■ **Dataset items**:
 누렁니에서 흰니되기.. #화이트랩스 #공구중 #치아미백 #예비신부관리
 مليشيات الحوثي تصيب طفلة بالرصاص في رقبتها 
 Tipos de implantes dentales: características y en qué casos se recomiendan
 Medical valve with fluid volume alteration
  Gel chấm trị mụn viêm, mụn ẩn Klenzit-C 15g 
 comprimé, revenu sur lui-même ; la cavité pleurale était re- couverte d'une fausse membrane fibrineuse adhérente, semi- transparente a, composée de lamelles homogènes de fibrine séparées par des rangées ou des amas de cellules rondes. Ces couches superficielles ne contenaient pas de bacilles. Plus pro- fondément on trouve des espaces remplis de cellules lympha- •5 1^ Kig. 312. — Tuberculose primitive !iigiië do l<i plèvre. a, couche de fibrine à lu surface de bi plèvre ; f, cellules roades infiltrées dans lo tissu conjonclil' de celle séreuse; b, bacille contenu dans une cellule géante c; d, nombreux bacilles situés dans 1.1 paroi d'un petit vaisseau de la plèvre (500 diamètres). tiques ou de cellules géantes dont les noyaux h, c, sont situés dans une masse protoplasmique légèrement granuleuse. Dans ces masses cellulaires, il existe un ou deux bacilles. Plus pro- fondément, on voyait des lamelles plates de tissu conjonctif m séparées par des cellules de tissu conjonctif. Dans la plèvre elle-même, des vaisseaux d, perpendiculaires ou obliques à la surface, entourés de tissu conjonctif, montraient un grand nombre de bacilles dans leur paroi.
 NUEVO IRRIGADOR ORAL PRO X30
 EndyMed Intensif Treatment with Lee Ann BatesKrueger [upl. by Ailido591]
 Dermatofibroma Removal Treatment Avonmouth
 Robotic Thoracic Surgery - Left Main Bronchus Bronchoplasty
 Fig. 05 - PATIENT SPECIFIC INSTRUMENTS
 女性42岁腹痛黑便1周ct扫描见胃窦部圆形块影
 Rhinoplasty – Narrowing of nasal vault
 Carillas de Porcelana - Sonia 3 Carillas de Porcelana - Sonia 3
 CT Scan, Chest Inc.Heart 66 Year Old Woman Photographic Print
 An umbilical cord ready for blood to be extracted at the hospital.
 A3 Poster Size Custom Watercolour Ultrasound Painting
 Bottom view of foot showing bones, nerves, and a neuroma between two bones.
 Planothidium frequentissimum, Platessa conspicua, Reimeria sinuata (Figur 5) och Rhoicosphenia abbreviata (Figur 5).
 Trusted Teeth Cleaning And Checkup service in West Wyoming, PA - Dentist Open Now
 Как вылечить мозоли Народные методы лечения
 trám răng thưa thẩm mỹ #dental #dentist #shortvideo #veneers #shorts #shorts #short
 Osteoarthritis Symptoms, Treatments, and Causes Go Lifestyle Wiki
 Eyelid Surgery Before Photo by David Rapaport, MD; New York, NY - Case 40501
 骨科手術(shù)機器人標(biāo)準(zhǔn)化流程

■ **Work order**: The response must consist solely of the lines from the first line of the entries through the line containing "Gel chấm trị", repeated exactly.

■ **Exercise output**:
 누렁니에서 흰니되기.. #화이트랩스 #공구중 #치아미백 #예비신부관리
 مليشيات الحوثي تصيب طفلة بالرصاص في رقبتها 
 Tipos de implantes dentales: características y en qué casos se recomiendan
 Medical valve with fluid volume alteration
  Gel chấm trị mụn viêm, mụn ẩn Klenzit-C 15g 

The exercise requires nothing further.